We all know that ADHD kids have difficulty paying attention and are often hyperactive. In addition, ADHD also sometimes manifests as
- Eruptions of frustration and anger (more intense and frequent than most of their peers)
- Physically lashing out (in my sons, usually with immediate remorse)
- Impulsivity; doing things without thinking – and often acting dismayed and seemingly surprised by it afterward! They, therefore, seem to frequently make poor choices.
- Hearing loss; you may have to call their names and repeat questions multiple times.
- Calling out during inappropriate times (e.g., in the middle of class, when the teacher is reading)
- Blurting out answers before people have finished asking the question
- Difficulty waiting for things, including their turn in a group activity or in sharing a toy. May often yank things away from others in their impatience.
- Difficulty sustaining attention enough to enjoy reading a book2
- Difficulty shifting between tasks: suspending focus on one thing and focusing instead on something else
- Hyperfocus on things! As odd as it sounds, kids with ADHD can tend to be too intensely and exclusively focused on what’s immediately in front of them.

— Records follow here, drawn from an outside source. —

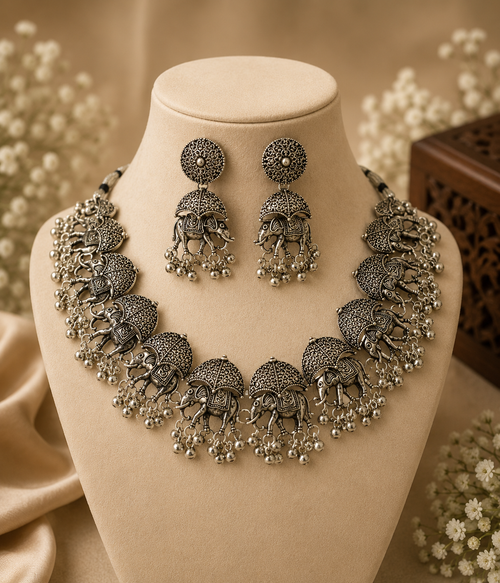 Royal Elephant Oxidised Statement Necklace Set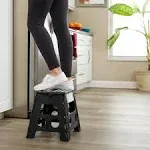 Casafield 13 inch Folding Step Stool with Handle (Set of 2) - Black, Collapsible Foot Stool for Adults, Size: 13-inch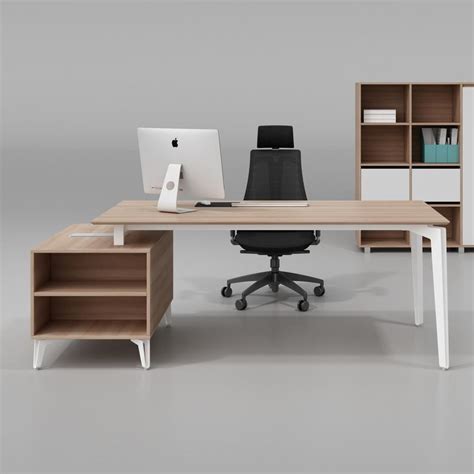L Shape Design Office Manager Wooden Desk Furniture Ceo Executive Desk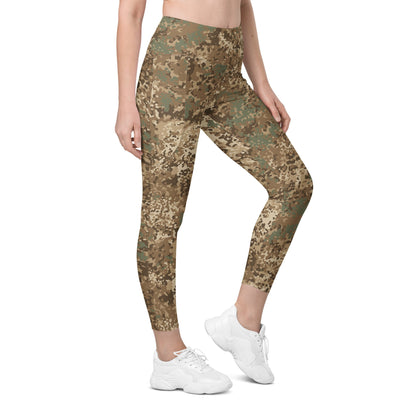 German Flecktarn Desert CAMO Womens Leggings with Pockets - 2XS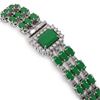 Image 3 : 29.64 ctw Emerald & Diamond Bracelet 14K White Gold - REF-418A2N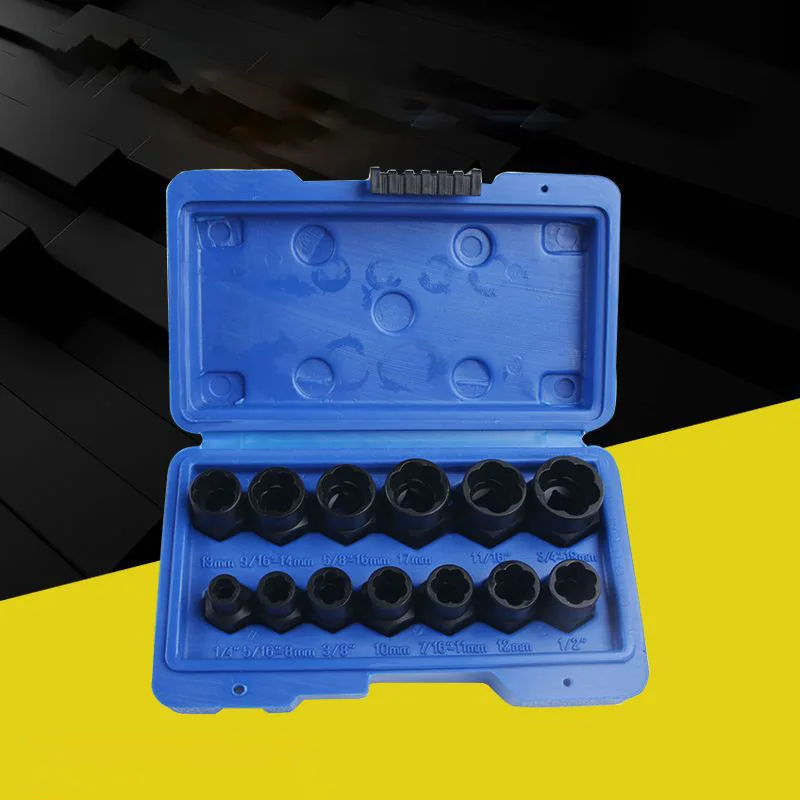 

Nut Extractor Broken and Damaged Screw Nut Stud Extractor Bolt Remover 13pcs LF-190905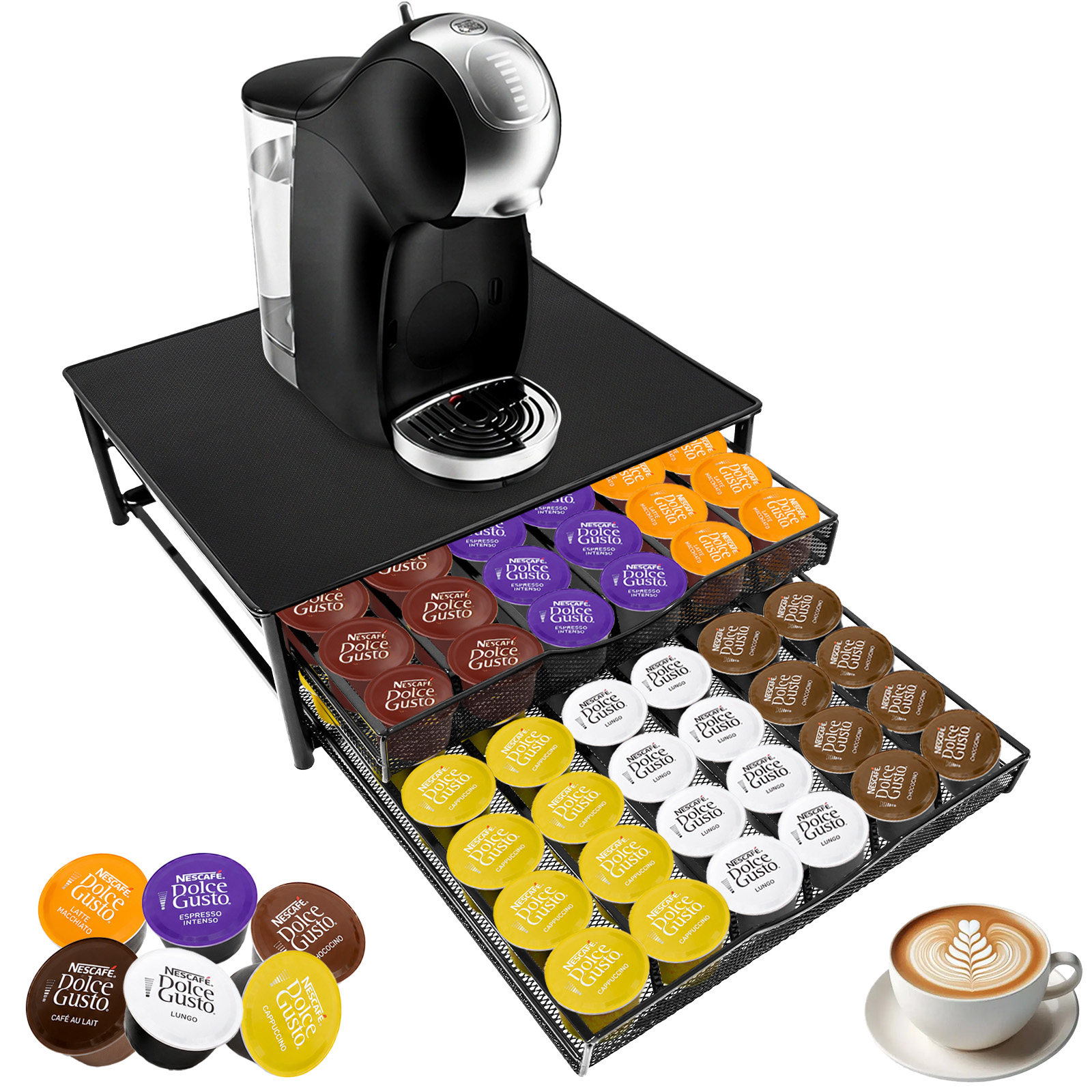 Eine schwarze Kaffeemaschine steht auf einem Metallständer mit zwei Schubladen voller Kaffeekapseln.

- Making careless mistakes; sloppiness
- Failing to complete tasks
- Losing and misplacing things; failing to keep track of belongings or borrowed items
- Disorganization; messiness
- Difficulty making friends and sustaining friendships
- Depression or sadness with or without low self-esteem
- Avoidance or even hatred of school or any kind of schoolwork and homework, especially those assignments that are more challenging for them
Hallowell and Ratey, authors of Driven to Distraction3, list 20 interesting symptoms (some overlapping with the previous list from Mayo Clinic), although most of these are more evident in adults:
- A sense of underachievement, of not meeting one’s goals (regardless of how much one has accomplished)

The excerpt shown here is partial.